• GOAL OF THE EXERCISE
Within the entries below, find the portion that opens with the line containing "정치;정당;국회;자유한국당;나경원;긴급비상의원총회;청와대분수대" and closes with the line containing "Top Light - Светодиодный". Retype that portion exactly and only.

• Stored entries
********
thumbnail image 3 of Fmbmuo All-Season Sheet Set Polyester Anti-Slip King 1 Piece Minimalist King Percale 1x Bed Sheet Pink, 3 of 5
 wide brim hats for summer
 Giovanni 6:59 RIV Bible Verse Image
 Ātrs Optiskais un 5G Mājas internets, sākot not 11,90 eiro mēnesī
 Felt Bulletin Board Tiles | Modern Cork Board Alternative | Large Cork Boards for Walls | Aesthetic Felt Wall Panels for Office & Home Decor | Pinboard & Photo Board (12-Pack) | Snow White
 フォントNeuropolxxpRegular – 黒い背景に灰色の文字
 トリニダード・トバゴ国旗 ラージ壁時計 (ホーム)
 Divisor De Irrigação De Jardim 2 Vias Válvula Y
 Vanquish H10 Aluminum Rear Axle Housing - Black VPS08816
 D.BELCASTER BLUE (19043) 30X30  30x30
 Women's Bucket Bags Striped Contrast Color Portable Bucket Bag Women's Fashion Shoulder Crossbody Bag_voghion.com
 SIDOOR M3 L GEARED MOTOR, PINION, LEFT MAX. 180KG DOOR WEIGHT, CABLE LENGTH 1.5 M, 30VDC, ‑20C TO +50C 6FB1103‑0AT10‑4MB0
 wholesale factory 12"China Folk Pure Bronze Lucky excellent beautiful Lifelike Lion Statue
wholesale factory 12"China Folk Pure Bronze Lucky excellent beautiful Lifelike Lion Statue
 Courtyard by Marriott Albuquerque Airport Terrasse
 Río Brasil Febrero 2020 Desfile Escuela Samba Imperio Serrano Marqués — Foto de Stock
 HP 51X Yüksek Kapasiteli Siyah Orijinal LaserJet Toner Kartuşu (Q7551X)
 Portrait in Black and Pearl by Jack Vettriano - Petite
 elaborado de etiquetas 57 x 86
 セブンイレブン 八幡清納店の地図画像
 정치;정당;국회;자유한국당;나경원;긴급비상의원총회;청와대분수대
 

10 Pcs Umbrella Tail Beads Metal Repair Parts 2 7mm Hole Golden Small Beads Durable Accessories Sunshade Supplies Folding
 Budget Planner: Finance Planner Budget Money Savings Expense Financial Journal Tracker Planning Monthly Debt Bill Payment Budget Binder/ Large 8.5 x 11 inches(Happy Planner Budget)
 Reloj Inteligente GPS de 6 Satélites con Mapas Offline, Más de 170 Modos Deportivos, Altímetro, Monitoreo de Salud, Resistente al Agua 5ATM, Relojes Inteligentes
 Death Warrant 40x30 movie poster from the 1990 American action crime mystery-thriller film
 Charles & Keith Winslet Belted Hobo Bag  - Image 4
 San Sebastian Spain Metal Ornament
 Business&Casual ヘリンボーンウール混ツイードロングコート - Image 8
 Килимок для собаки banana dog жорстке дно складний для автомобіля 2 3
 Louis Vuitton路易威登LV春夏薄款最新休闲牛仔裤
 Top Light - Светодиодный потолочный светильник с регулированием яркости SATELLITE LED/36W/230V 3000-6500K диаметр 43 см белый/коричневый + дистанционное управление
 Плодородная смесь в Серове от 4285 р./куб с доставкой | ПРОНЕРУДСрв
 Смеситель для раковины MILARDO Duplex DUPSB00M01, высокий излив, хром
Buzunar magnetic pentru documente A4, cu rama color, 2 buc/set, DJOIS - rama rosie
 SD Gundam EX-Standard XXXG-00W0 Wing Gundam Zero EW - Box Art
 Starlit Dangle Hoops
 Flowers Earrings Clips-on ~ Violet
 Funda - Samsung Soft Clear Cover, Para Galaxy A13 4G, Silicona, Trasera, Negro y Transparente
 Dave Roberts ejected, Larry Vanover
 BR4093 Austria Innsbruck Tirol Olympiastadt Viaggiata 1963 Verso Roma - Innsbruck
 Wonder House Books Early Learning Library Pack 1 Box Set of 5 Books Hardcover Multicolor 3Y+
********
• RESULT FOR THIS EXERCISE
 정치;정당;국회;자유한국당;나경원;긴급비상의원총회;청와대분수대
 

10 Pcs Umbrella Tail Beads Metal Repair Parts 2 7mm Hole Golden Small Beads Durable Accessories Sunshade Supplies Folding
 Budget Planner: Finance Planner Budget Money Savings Expense Financial Journal Tracker Planning Monthly Debt Bill Payment Budget Binder/ Large 8.5 x 11 inches(Happy Planner Budget)
 Reloj Inteligente GPS de 6 Satélites con Mapas Offline, Más de 170 Modos Deportivos, Altímetro, Monitoreo de Salud, Resistente al Agua 5ATM, Relojes Inteligentes
 Death Warrant 40x30 movie poster from the 1990 American action crime mystery-thriller film
 Charles & Keith Winslet Belted Hobo Bag  - Image 4
 San Sebastian Spain Metal Ornament
 Business&Casual ヘリンボーンウール混ツイードロングコート - Image 8
 Килимок для собаки banana dog жорстке дно складний для автомобіля 2 3
 Louis Vuitton路易威登LV春夏薄款最新休闲牛仔裤
 Top Light - Светодиодный потолочный светильник с регулированием яркости SATELLITE LED/36W/230V 3000-6500K диаметр 43 см белый/коричневый + дистанционное управление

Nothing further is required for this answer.